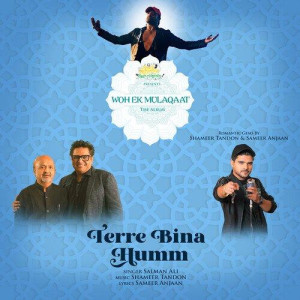 Terre Bina Humm - Salman Ali mp3 songs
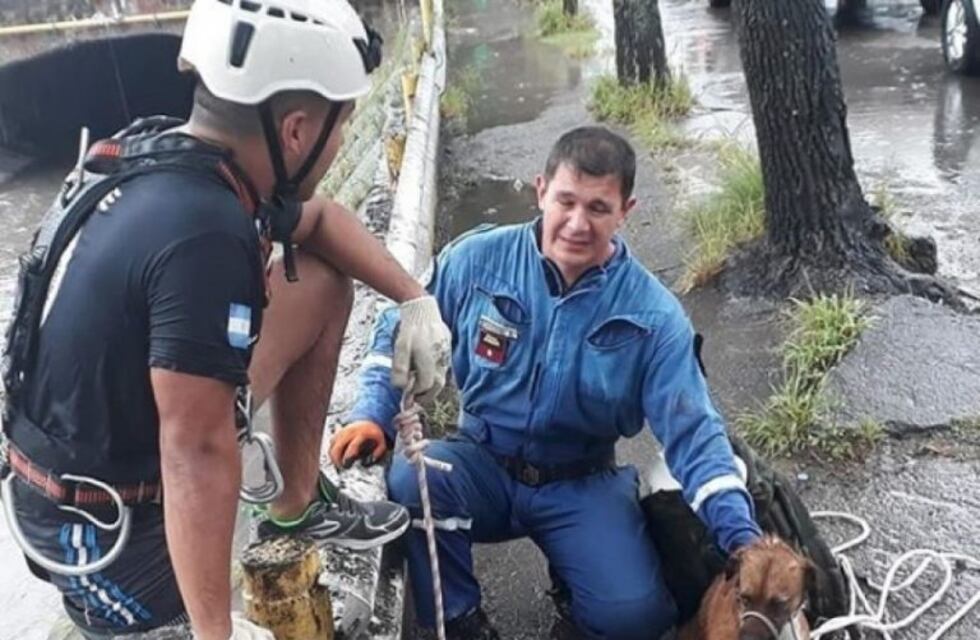 Un rescatista salvó a una perrita de ahogarse en un canal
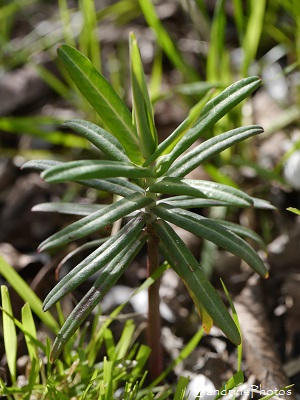 Euphorbe épurge, Herbe à taupe, Euphorbia Lathyris, Fleurs sauvages du jardin, Le Verger, Bouresse 86, Biodiversité du Sud-Vienne (4)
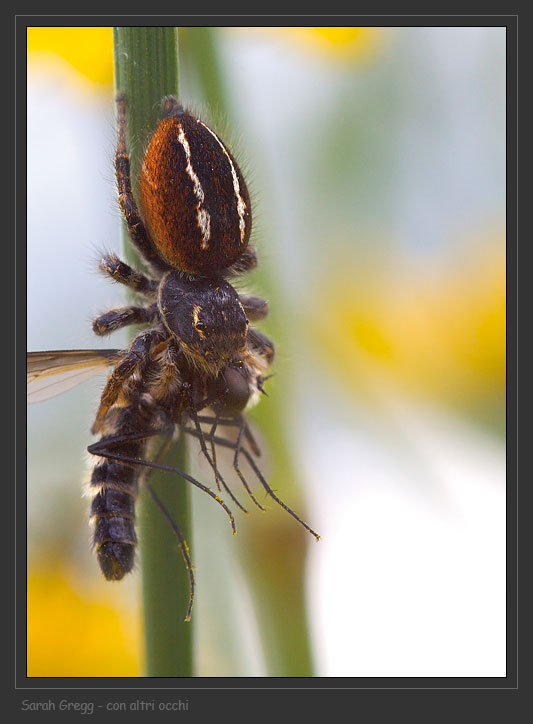 Salticidae elegante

§ §

Copy verbatim the span that opens at the line with "Euphorbe épurge, Herbe" and closes at the final line of the listing. Do not carry over any pictures.

 Euphorbe épurge, Herbe à taupe, Euphorbia Lathyris, Fleurs sauvages du jardin, Le Verger, Bouresse 86, Biodiversité du Sud-Vienne (4)
 Salticidae elegante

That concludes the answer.